Sex, Race and Religion in France from the 60s to Today

Todd Shepard and Mehammed Mack discuss their recent books, in conversation with Madeleine Dobie

WHEN: 6:00 PM–7:30 PM    
WHERE: MAISON FRANÇAISE EAST GALLERY, BUELL HALL

To RSVP, please click here.

March 27, 2018

Mehammed Mack discusses his book, Sexagon: Muslims, France, and the Sexualization of National Culture, which examines the figure of the young, virile, hyper-masculine Muslim that looms large in contemporary France, particularly in the banlieues of Paris.  So large, in fact, it often supersedes liberal secular society’s understanding of gender and sexuality altogether. Engaging the nexus of race, gender, nation, and sexuality, Sexagon studies the broad politicization of Franco-Arab identity in the context of French culture and its assumptions about appropriate modes of sexual and gender expression, both gay and straight.

Todd Shepard’s book, Sex, France, and Arab Men, 1962-1979 (2017) is a study of how “sexual Orientalism” re-emerged in post-decolonization French politics and discussions.

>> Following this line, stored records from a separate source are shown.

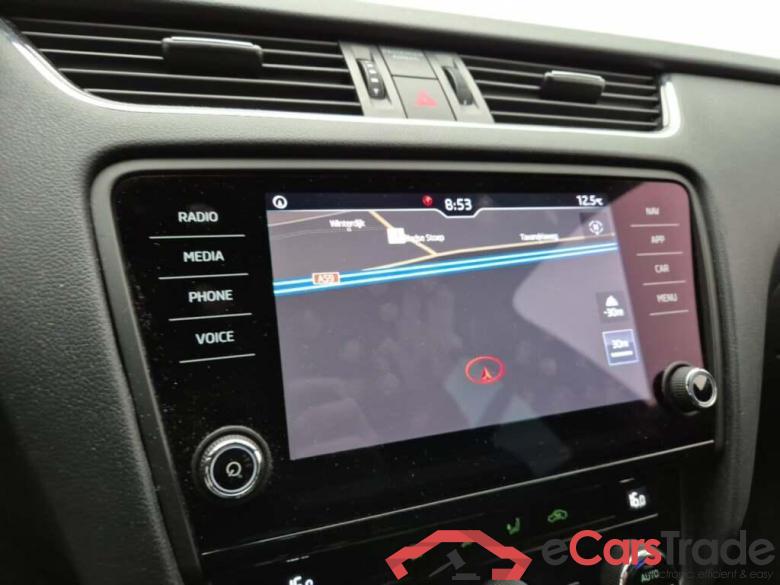 SKODA Octavia Combi 1.0 TSI Sport Business #6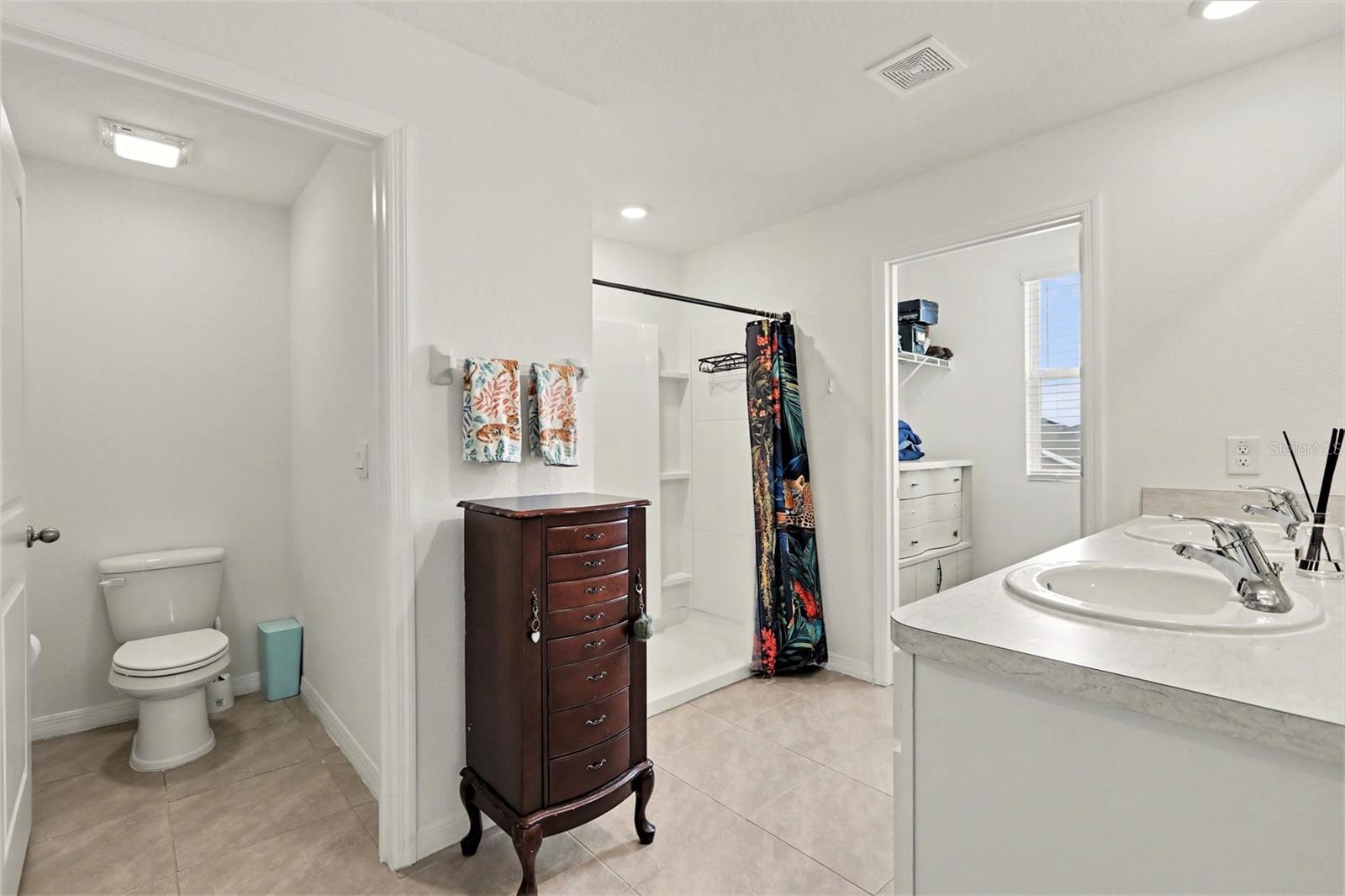 Image 24 of 42 For 814 Ace Outlaw Avenue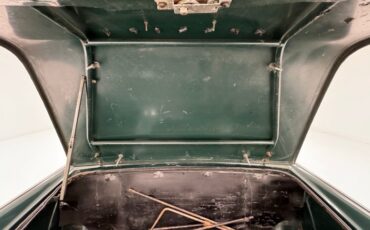 Triumph-Tr4-1964-British-Racing-Green-Black-8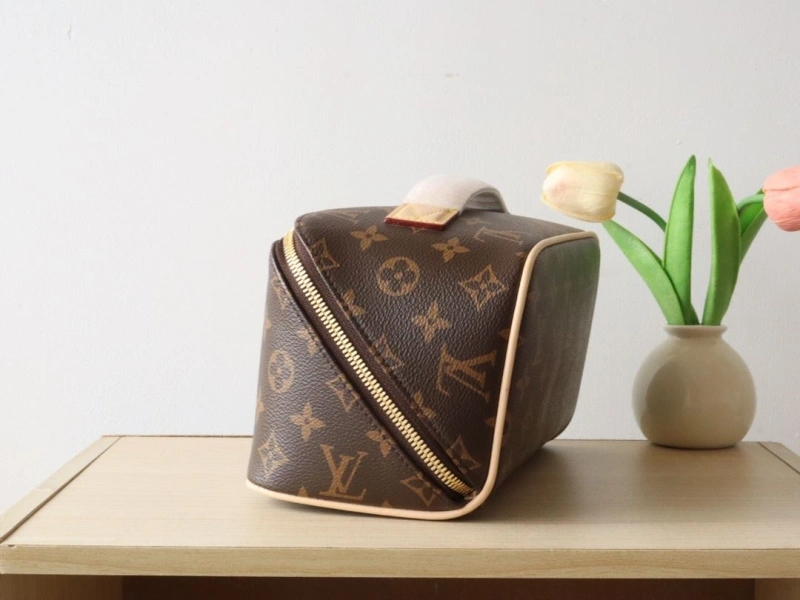 LV Cosmetic Bags 4178A-0070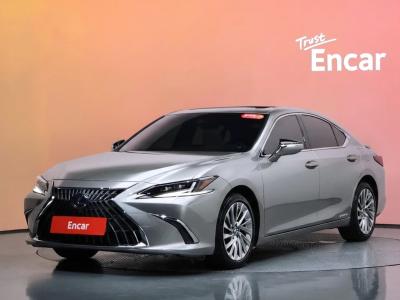 2022 Lexus ES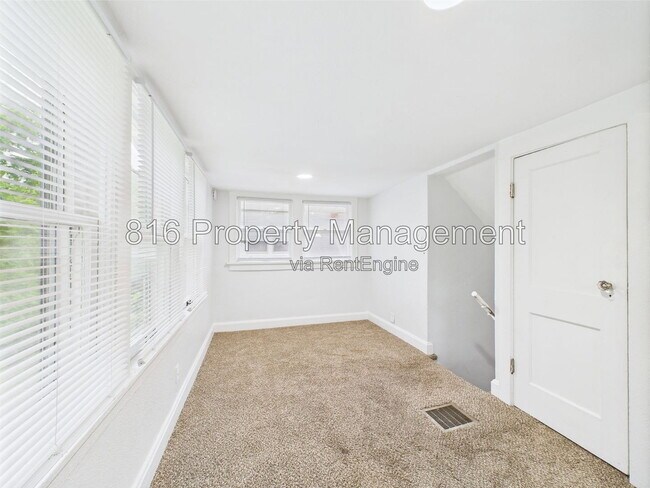 Building Photo - 5611 Olive St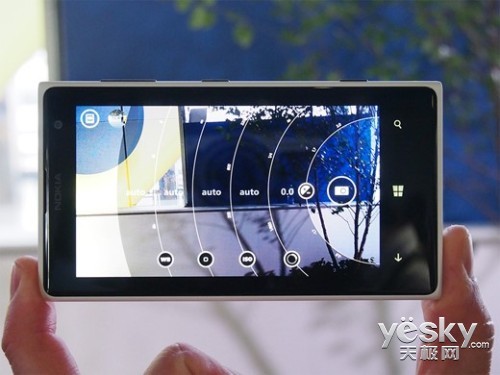 lumia1020能玩的游戏_诺基亚Lumia 1020 PureView技术_诺基亚Lumia 1020 4100万像素摄像头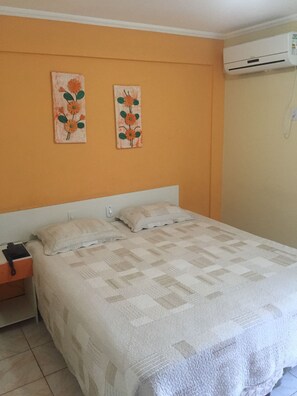 单人房 | 迷你吧、办公桌、熨斗/熨板、折叠床/加床（额外收费）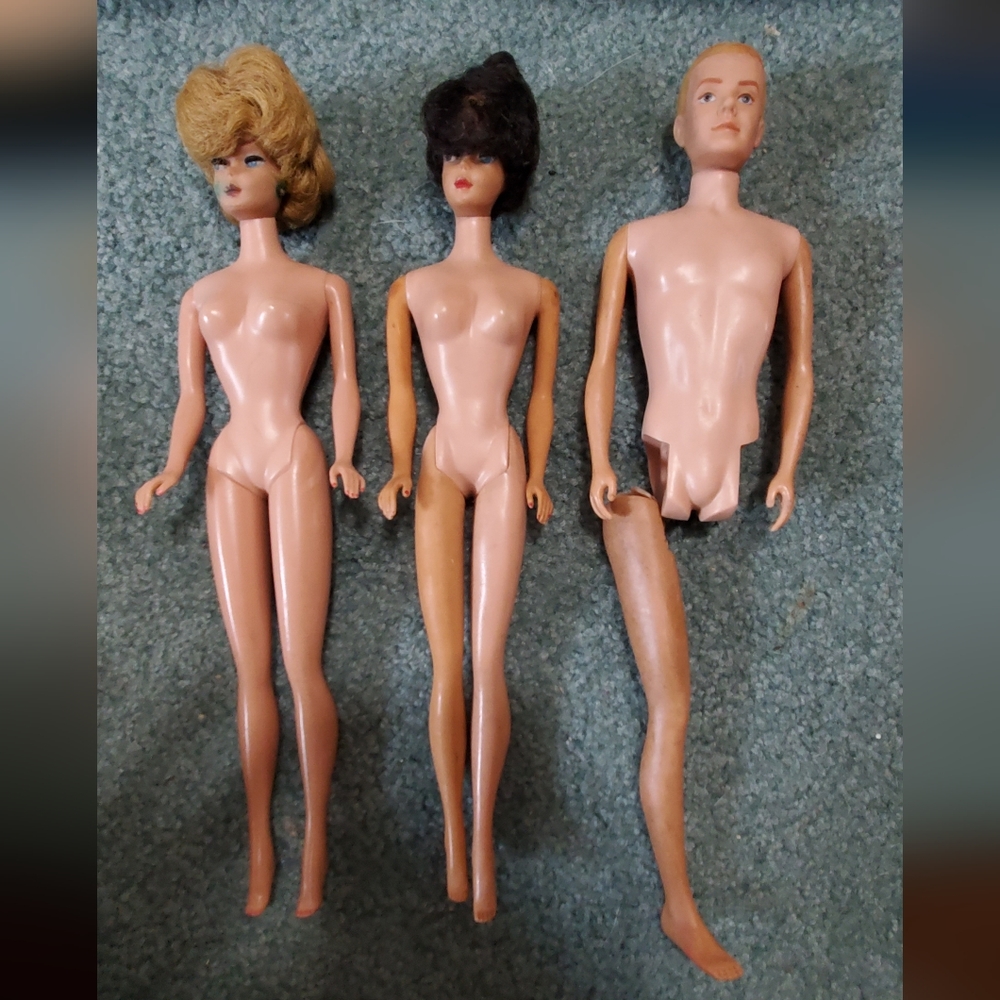 Vintage Pats pend Barbie & Ken, 1962 Midge plus clothes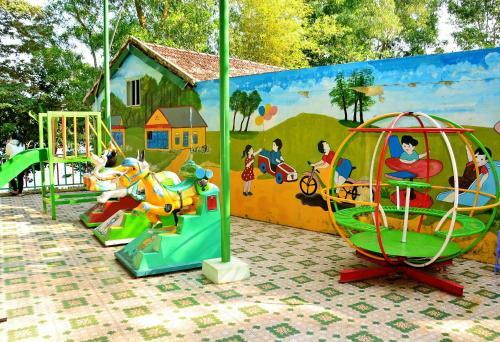 Hotel Phu Ninh Lake Resort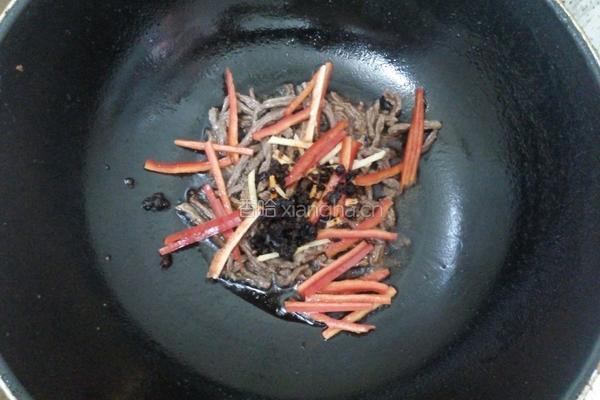 干煸牛肉丝的做法图解3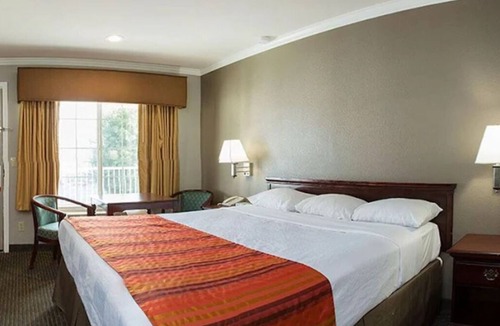 Mountain View Hotel | Super 8 by Wyndham want you to have a Super Time in Mountain View 6 mi to Levi's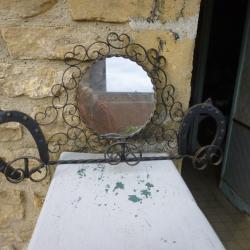 Ancien miroir fer &agrave; cheval en fer forg&eacute;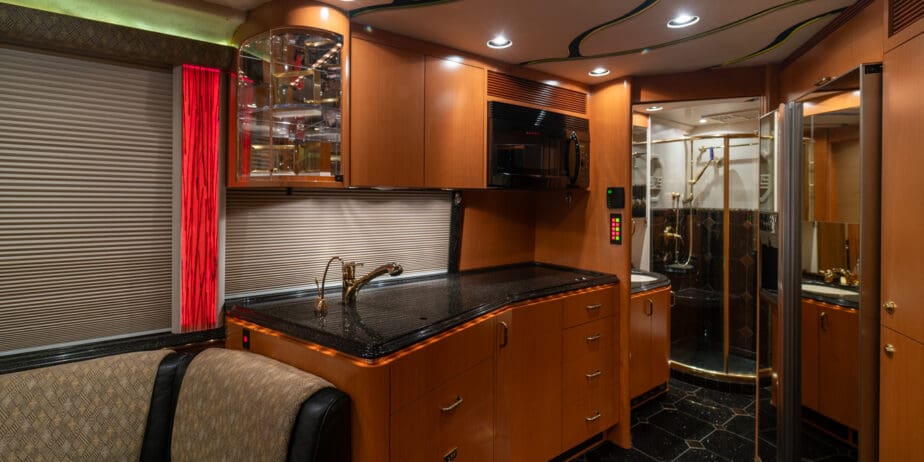 luxury-rv-marathon-coach-959-005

Over the course of the 1960s and ‘70s, what he names “sex talk”—around questions such as far right politics, May ’68, prostitution, the “white slave trade,” gay rights, sexual libertinism, the act of sodomy, and rape—explicitly grappled with questions of empire, the Algerian war, colonial violence, and post-decolonization racism. The book shows that what made these discussions about sex in the 1970s distinctively “French,” rather than “Western” or “late modern,” were the central roles that invocations of “Arab men” and Algeria played in them.

Todd Shepard is Arthur O. Lovejoy Professor of French History at Johns Hopkins University. Mehammed Mack is Assistant Professor of French at Smith College. Madeleine Dobie is Professor of French at Columbia.